Maintenant, le sourire voulait dire non seulement Ceci est une blague, ne le prenez pas si mal, mais aussi Ceci est une blague improvisée. Je ne l'avais pas prévue, mais j'en suis assez contente. Et j'en suis capable, aussi.
Le fait d'avoir encore la chaussure à la main doit aider au côté décalé.


NOTE : Ne pas négliger l'humour. Aussi dénué de fondement qu'il puisse être, son impact semblait réel.

Par contre, essayer de s'intéresser aux formes d'humour les plus nobles. Sortir de la culotte. Car sa plastique avait tendance à attirer les mâles, jusqu'à ce qu'ils réalisent la froideur dont elle était capable. Coutumière, même. Qu'ils se mettent à interpréter cette série de références osées comme l'expression d'un manque, et courraient alors des rumeurs aux métaphores équivoques du genre feu sous la glace ou volcan vert. Des choses qui promettaient une libération copulatoire proportionnelle au rejet apparent de l'idée même de la dite copulation. Et qui les pousserait donc à insister face à ses rejets, et à comprendre ''elle me veut'' là où il fallait comprendre ''elle me veut parti. Loin et vite, de préférence''.
Comme quoi nulle victoire n'était parfaite.

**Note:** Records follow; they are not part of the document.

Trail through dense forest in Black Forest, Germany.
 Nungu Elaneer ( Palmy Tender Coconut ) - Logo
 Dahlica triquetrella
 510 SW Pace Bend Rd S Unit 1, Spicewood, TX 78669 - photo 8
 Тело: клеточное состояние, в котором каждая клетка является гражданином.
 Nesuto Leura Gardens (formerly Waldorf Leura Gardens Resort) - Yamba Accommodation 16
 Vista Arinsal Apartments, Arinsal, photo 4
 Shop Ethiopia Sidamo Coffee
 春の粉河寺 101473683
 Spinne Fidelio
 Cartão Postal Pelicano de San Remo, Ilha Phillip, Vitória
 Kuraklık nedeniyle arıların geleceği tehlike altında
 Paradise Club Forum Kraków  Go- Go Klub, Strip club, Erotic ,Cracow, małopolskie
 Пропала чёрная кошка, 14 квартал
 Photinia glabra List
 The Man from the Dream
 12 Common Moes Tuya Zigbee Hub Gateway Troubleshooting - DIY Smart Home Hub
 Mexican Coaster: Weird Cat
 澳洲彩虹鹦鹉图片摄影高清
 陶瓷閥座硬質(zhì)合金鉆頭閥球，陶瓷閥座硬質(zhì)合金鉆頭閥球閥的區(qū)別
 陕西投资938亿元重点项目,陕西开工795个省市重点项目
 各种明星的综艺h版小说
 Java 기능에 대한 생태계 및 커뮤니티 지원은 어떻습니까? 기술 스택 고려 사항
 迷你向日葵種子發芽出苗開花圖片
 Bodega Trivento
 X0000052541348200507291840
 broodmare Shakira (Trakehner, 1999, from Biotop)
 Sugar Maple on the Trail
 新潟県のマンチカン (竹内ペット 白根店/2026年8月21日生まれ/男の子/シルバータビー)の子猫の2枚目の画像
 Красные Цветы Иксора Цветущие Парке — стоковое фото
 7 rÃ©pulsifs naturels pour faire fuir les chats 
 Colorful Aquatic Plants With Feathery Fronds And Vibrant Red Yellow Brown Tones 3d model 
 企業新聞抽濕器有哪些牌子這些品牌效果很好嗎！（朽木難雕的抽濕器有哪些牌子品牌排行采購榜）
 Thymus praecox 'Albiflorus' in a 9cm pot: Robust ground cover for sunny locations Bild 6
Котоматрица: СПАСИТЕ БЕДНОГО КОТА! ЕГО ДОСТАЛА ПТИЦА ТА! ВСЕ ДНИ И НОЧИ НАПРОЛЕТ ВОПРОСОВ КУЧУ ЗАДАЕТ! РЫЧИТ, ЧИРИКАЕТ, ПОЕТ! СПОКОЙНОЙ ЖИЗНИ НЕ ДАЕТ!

Mais d'ici là, rechausser son soulier, reprendre un visage neutre, une voix puissante et dénuée d'émotion, afin que chaque signal renforce ses paroles :


Pour en revenir à des sujets plus sérieux...


La perfection est amorale.
 
Jade Srhaggelle
Représentant,
la Vigilance

Kil'sin  
Le Matal 4 Agur 815 à 18h58
 
XIX. Le dernier point, mais non le moindre.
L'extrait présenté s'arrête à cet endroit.